Apuesto a que al lector le ha pasado estos días como a mí: junto con el abatimiento y el cabreo, ha dejado un desván en el que fantaseaba con que aparecía Bárcenas y le entregaba un sobre con “hasta diez mil euros”. Estas noches españolas han debido de ser como la de los sueños de Bienvenido, Mister Marshall –en este caso Bienvenido, Mister Bárcenas–: con todos imaginando la vida que llevaríamos si disfrutáramos de un sobresueldo así, que nos haría tan felices que hasta estaríamos dispuestos a renunciar al sueldo (es decir, al que va sin sobre). Pero, como los personajes de Berlanga, no estábamos en el lugar adecuado: la sede del PP. Y había un añadido insidioso: el dinero que no nos repartían era justamente el nuestro.
Lloremos pues, aunque no inocentemente. Lo peor de nuestros políticos es que, al contrario de lo que gritaban los ingenuos del 15-M, sí nos representan. Eso es lo espeluznante: que nos representan demasiado. Hacen lo que nosotros haríamos en su lugar. Lo que nosotros hacemos, de hecho, en la medida de nuestras posibilidades. Hay excepciones, naturalmente; pero son eso: excepciones. Casi todos solemos tener bastante bien explotado, rebañado incluso, el radio de acción de nuestra impunidad. De los políticos solo nos diferencian dos cosas: la amplitud de dicho radio de acción (mucho menor el nuestro), y esa decencia fundacional (o ineptitud o pereza) por la que no nos hemos convertido nosotros mismos en políticos. El ciudadano honrado es, a lo sumo, un ludópata que se encuentra fuera del casino.

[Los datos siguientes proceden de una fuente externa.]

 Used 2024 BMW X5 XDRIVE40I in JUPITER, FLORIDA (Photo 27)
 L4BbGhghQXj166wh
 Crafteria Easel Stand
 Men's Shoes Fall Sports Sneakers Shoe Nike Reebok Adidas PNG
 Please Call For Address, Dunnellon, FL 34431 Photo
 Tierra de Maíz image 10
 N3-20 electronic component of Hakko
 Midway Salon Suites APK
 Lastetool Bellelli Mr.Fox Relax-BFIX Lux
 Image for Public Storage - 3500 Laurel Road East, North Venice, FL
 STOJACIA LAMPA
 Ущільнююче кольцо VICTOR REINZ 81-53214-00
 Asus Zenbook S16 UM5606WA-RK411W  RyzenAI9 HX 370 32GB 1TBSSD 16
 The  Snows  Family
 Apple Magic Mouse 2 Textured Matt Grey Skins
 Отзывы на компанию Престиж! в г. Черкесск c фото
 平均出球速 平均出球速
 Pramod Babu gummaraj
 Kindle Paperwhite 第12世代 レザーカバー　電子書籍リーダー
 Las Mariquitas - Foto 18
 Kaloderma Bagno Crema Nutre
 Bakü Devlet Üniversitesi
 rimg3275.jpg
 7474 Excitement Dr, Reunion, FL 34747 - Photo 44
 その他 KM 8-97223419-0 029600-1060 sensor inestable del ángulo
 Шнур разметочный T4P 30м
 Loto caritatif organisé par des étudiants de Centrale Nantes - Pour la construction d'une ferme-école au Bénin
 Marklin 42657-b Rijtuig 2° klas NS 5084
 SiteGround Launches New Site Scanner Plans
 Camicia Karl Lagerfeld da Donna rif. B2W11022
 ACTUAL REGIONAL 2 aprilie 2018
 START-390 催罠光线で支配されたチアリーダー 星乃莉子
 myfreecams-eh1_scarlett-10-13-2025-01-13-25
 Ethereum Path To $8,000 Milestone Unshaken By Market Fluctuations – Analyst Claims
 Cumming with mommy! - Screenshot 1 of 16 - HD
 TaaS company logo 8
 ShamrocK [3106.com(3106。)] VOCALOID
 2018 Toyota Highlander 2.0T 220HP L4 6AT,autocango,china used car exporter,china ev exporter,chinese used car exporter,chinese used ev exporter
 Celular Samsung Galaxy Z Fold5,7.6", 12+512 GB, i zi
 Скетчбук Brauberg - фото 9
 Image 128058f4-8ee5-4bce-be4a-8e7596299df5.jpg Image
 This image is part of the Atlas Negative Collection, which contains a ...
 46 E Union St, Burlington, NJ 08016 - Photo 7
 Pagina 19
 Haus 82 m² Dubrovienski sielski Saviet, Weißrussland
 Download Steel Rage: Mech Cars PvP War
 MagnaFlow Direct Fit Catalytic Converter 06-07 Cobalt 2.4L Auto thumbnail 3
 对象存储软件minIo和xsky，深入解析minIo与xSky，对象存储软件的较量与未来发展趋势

Es la naturaleza humana, y en especial la naturaleza española: que es la que domina por debajo de las siglas de los distintos partidos. No confiamos en nadie personalmente, porque nos conocemos demasiado bien. Lo único que puede hacerse es extremar la transparencia, el control y la acción de la justicia. Solo así podría obrarse el milagro de que los políticos fueran decentes; es decir, que no nos representaran.